● **Records for processing**:
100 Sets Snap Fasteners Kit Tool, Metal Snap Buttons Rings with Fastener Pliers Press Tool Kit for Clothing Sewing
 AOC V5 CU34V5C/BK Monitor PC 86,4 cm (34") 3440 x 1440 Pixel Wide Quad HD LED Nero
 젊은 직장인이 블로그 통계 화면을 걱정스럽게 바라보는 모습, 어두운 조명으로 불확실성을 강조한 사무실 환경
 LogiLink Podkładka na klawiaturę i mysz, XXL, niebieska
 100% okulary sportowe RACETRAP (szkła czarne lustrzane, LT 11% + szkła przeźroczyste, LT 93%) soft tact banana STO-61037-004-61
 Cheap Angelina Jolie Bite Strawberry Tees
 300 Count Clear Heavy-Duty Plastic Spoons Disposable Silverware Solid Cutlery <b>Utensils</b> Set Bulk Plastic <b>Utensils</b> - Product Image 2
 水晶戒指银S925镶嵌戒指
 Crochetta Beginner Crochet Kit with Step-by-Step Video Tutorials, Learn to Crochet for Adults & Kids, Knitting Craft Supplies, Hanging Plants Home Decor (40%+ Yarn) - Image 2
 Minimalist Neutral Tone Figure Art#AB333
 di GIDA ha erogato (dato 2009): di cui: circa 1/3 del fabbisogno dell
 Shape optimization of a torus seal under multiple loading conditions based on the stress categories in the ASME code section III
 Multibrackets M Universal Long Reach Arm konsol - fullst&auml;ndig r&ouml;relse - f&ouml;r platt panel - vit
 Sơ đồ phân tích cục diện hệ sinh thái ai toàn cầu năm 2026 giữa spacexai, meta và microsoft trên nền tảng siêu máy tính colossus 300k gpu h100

● **Try it**: Scan the records for the string "with" and report each line where it occurs.

● **Solution to the exercise**:
100 Sets Snap Fasteners Kit Tool, Metal Snap Buttons Rings with Fastener Pliers Press Tool Kit for Clothing Sewing
 Crochetta Beginner Crochet Kit with Step-by-Step Video Tutorials, Learn to Crochet for Adults & Kids, Knitting Craft Supplies, Hanging Plants Home Decor (40%+ Yarn) - Image 2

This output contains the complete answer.